Des adaptations et prolongements de ses livres, il y en eut plein au fil des années et décennies, et ce sur d’innombrables supports différents. Films, téléfilms, livres, BD, mangas, et ce qui nous intéresse ici, en jeu de plateau. Arkham Horror ou Horreur à Arkham dans la langue de Molière, est un jeu de société coopératif dans lequel les joueurs doivent fermer des portails apparaissant dans la ville fictive d’Arkham et menant vers une autre dimension de laquelle essaie de s’extirper un Grand Ancien.

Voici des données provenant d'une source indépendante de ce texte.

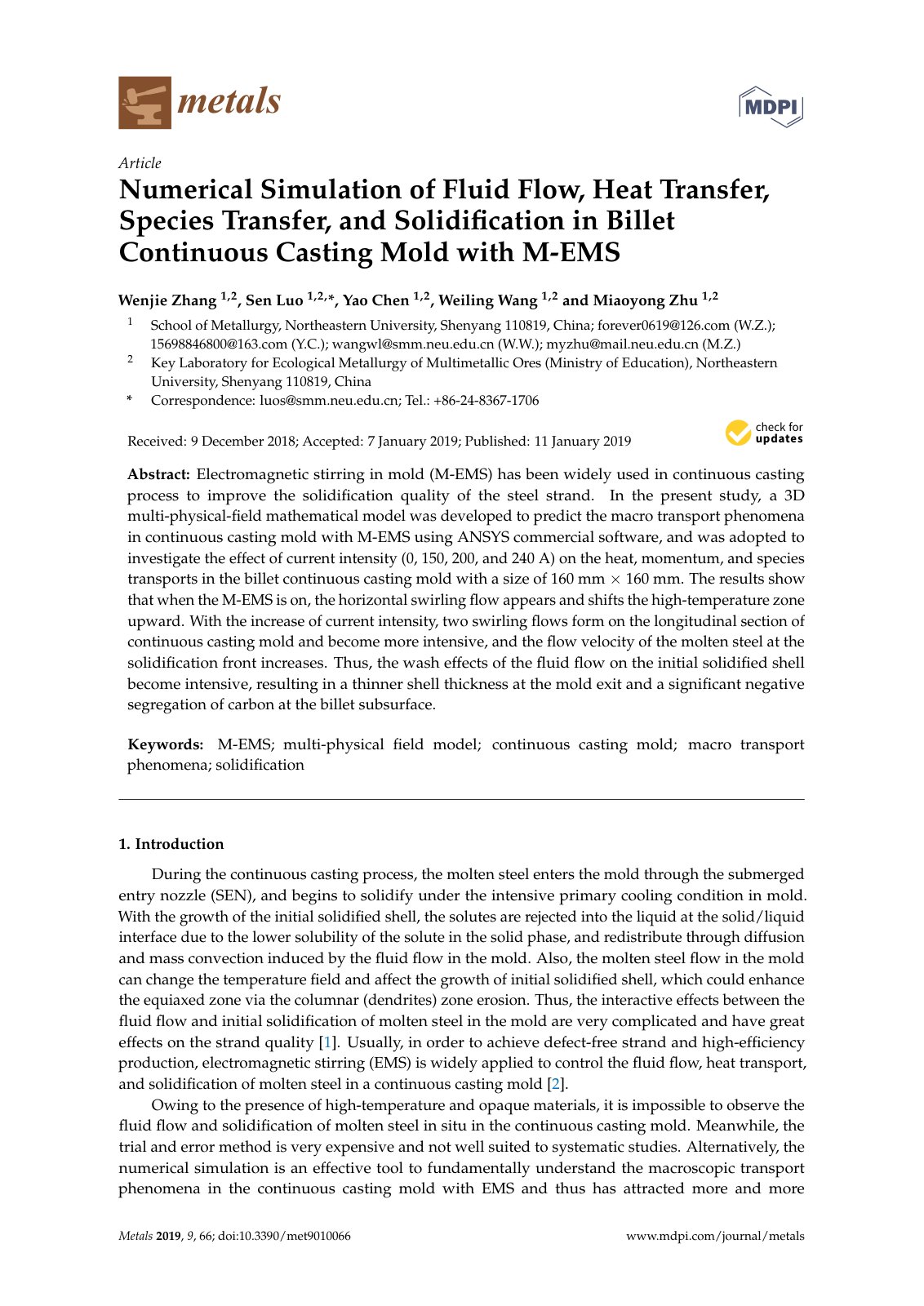 First page of Numerical Simulation of Fluid Flow, Heat Transfer, Species Transfer, and Solidiﬁcation in Billet Continuous Casting Mold with M-EMS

Il en existe deux versions, l’original de 1987 et sa réédition quelque peu changée et améliorée de 2005. C’est de cette dernière que le titre que nous critiquons aujourd’hui, Arkham Horror: Mother’s Embrace, est le plus proche, car beaucoup de particularités de l’un apparaissent dans l’autre. Alors, on est donc face à une sorte de T-RPG (T pour tactical) narratif qui tente de reprendre les fondamentaux du jeu de plateau et de les adapter en jeu vidéo, tout en nous proposant une histoire totalement inédite.

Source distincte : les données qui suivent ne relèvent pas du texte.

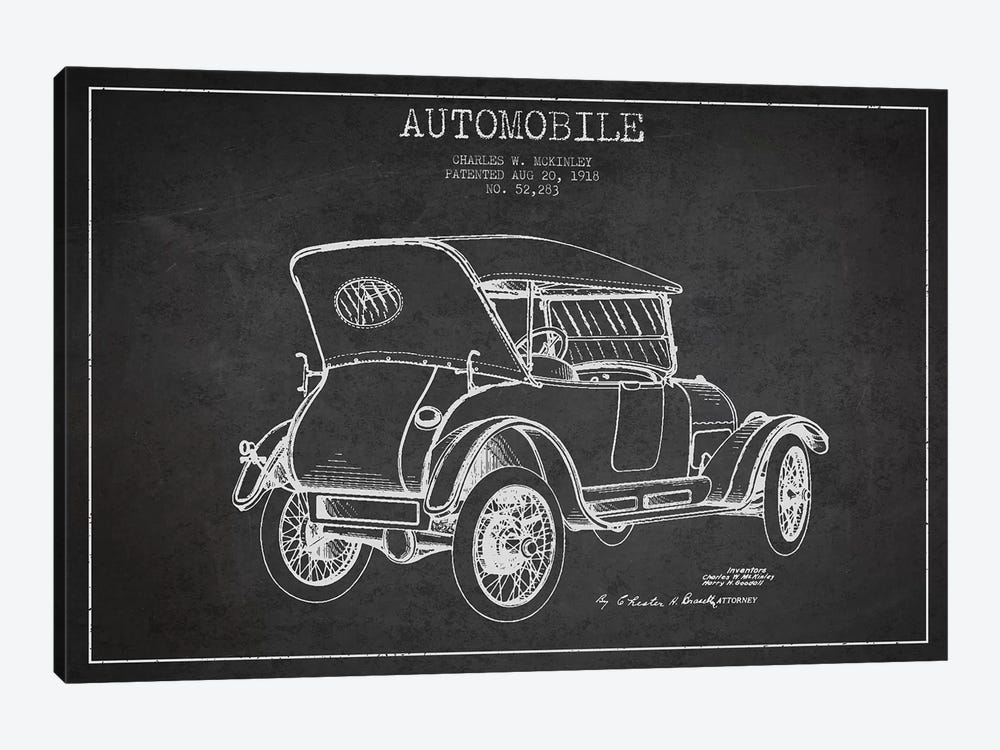 Charles W. McKinley Automobile Patent Sketch (Charcoal) by Aged Pixel 1-piece Canvas Wall Art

(Test de Arkham Horror: Mother’s Embrace réalisé sur PC à partir d’une version fournie par l’éditeur)
Le jeu nous embarque donc dans la ville d’Arkham en 1926, alors que l’on retrouve morte chez elle madame Tillinghast, une professeure d’Astronomie réputée et respectée. Les circonstances de sa mort semblent pour le moins étranges et liées à un culte secret aux mœurs violentes, c’est en tout cas ce que laisse penser les indices récoltés sur les lieux, alors qu’il se dégage très vite de cette affaire un côté surnaturel et inquiétant.

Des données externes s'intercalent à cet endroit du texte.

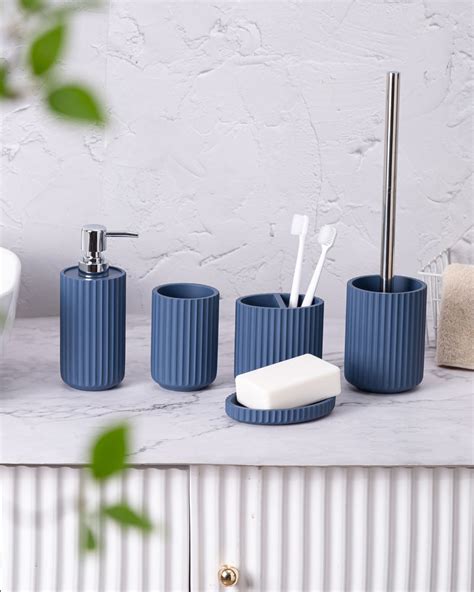 Exclusive Polyresin Bath Decor Bathroom Accessory Set of 4 - Pano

Pourquoi madame Tillinghast a-t-elle été sauvagement assassinée ? Est-ce lié à ses recherches astronomiques ? Pourquoi un culte sectaire adorant des idoles monstrueuses lui voulait du mal ? Que cache cette sombre histoire qui repoussera les limites de la folie et entraînera nos douze protagonistes dans un enquête aussi dangereuse que passionnante ?
La plume est plus forte que l’épée
L’écriture et le scénario sont très probablement les plus grandes réussites de Arkham Horror: Mother’s Embrace. Écrit par des anciens de feu Fantasy Flight Interactive (boîte qui s’était occupé de la réédition en 2005 de Arkham Horror), cette histoire mélangeant l’enquête policière classique avec le côté surnaturel des récits de Lovecraft est un réel plaisir à suivre. Passionnante, bien que peu surprenante pour qui aime le genre, l’intrigue va bon train et ne souffre réellement d’aucun défaut de rythme.
L’aventure est d’ailleurs narrée par une voix off qui n’est autre que celle de la défunte, alors que nos différents protagonistes ont eux des lignes de dialogues uniques et une personnalité bien faite. Ainsi, certaines lignes de texte changent en fonction de celui que l’on incarne et cela permet d’apporter un peu de caractère au récit. D’ailleurs, la profusion d’indices et d’éléments de background sur le culte que l’on poursuit ou encore sur l’univers en lui-même apporte un réel plus crédibilisant l’histoire.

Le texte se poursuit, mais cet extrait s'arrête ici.